**Aim of the exercise**
Once the pictures are set aside, reproduce the remaining data exactly.

---------- Input data

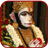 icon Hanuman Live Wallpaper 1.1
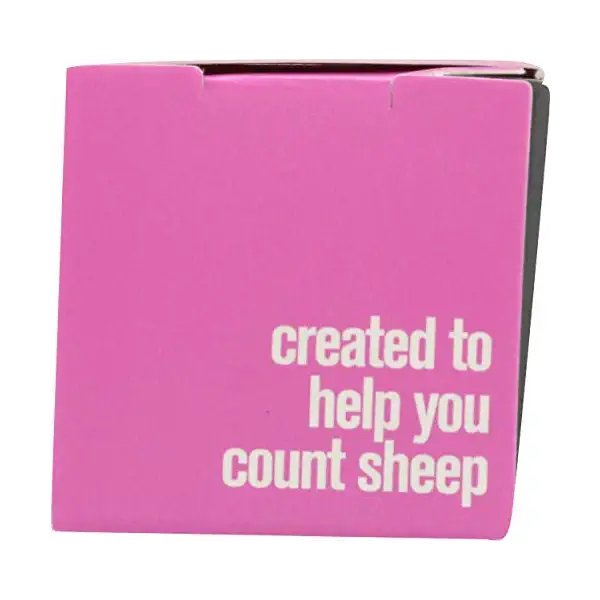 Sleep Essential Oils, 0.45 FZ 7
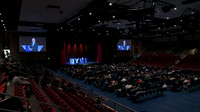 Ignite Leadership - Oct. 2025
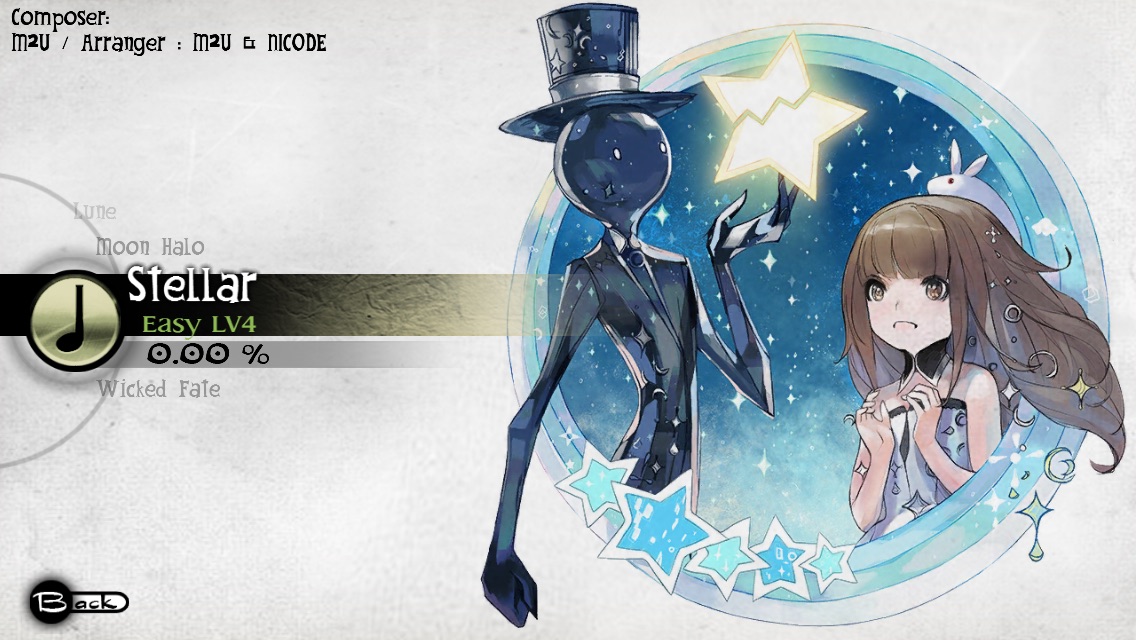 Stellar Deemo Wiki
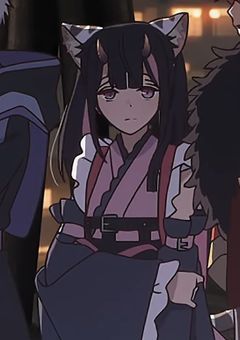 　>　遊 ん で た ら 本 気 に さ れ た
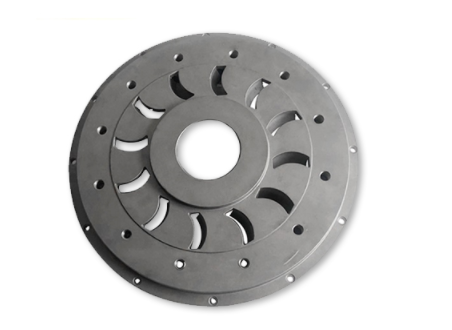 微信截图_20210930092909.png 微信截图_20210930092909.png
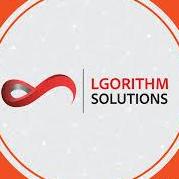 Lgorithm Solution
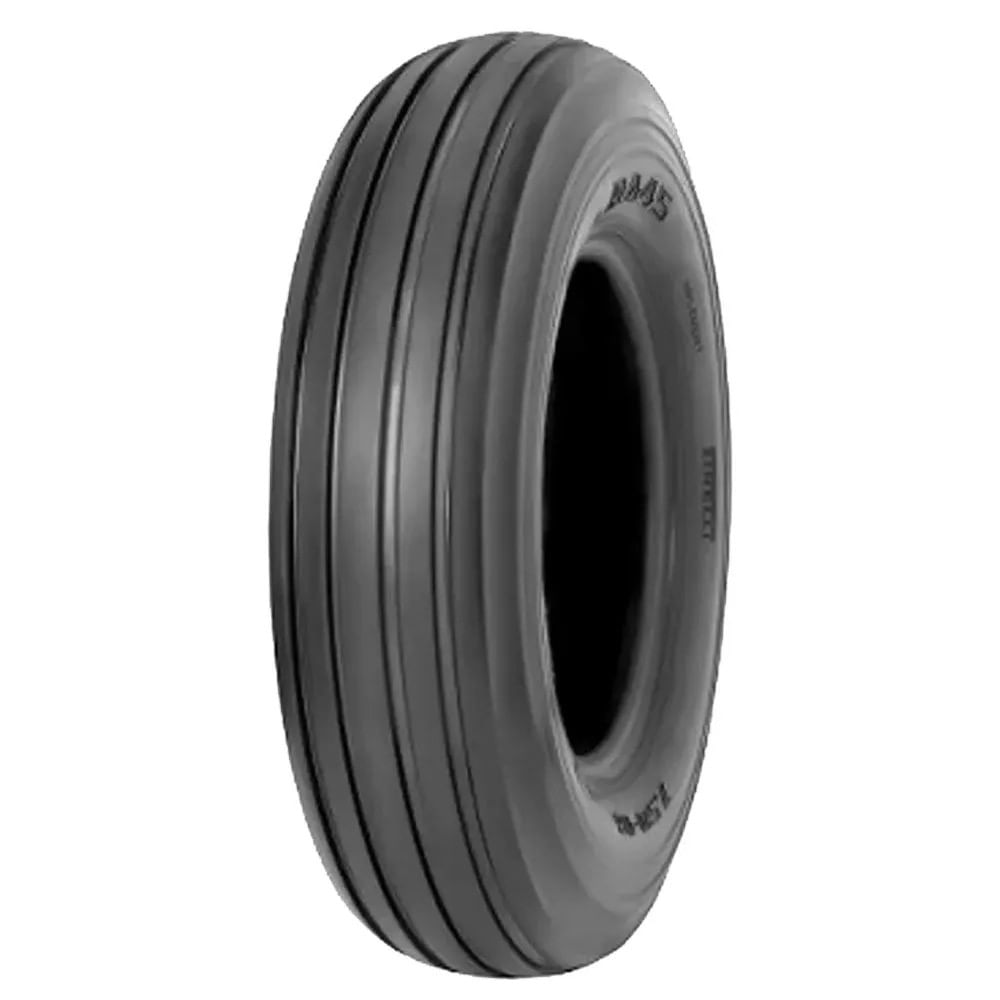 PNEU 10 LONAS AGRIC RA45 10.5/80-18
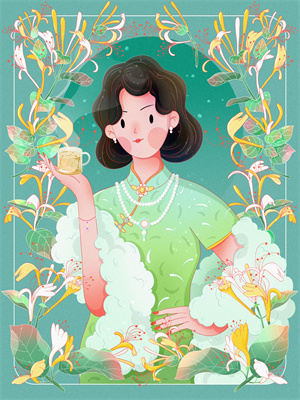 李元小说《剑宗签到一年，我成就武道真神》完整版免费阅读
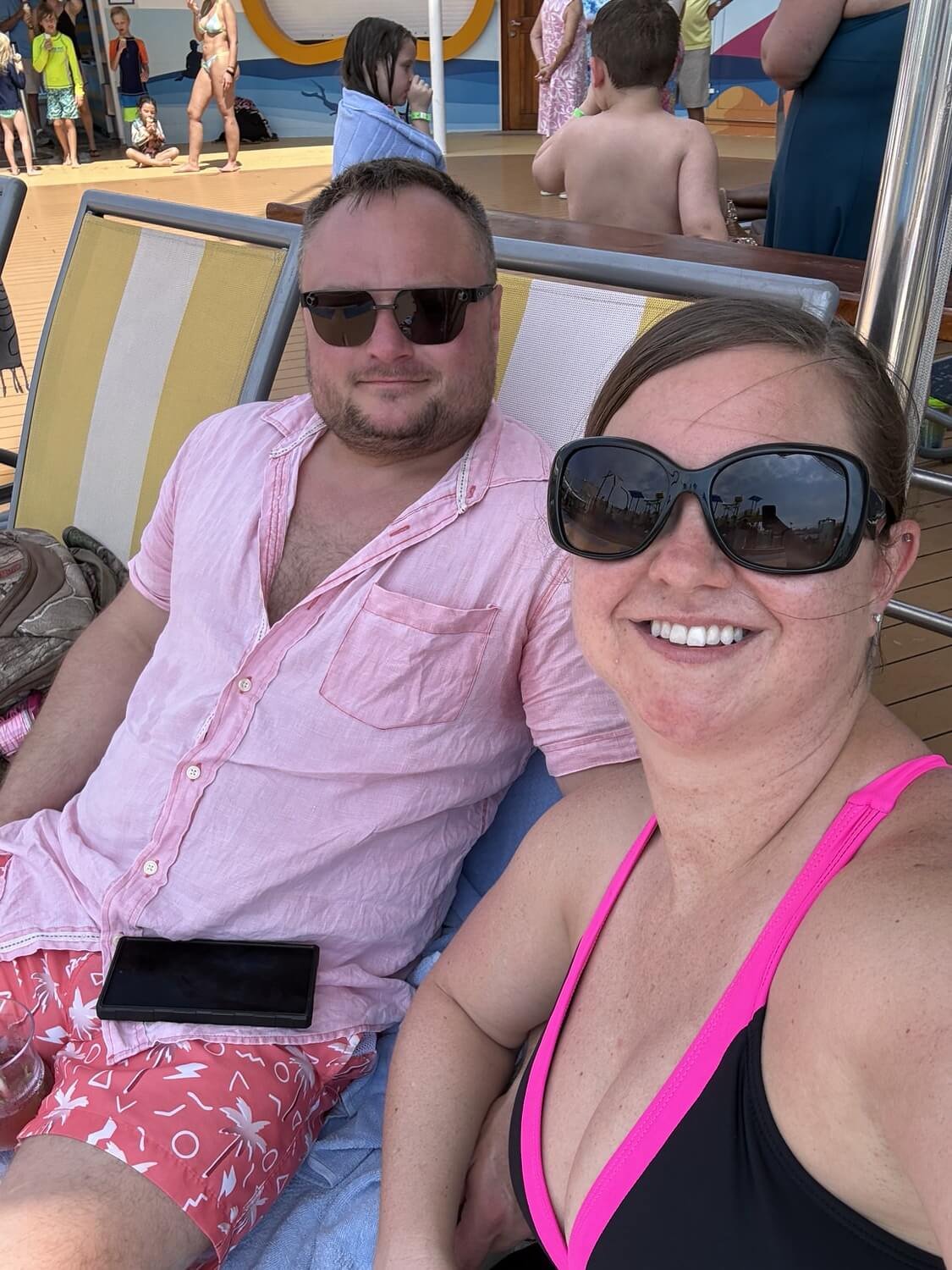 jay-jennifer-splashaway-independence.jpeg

--------------------

**Answer to this task**
 icon Hanuman Live Wallpaper 1.1
 Sleep Essential Oils, 0.45 FZ 7
 Ignite Leadership - Oct. 2025
 Stellar Deemo Wiki
 　>　遊 ん で た ら 本 気 に さ れ た
 微信截图_20210930092909.png 微信截图_20210930092909.png
 Lgorithm Solution
 PNEU 10 LONAS AGRIC RA45 10.5/80-18
 李元小说《剑宗签到一年，我成就武道真神》完整版免费阅读
 jay-jennifer-splashaway-independence.jpeg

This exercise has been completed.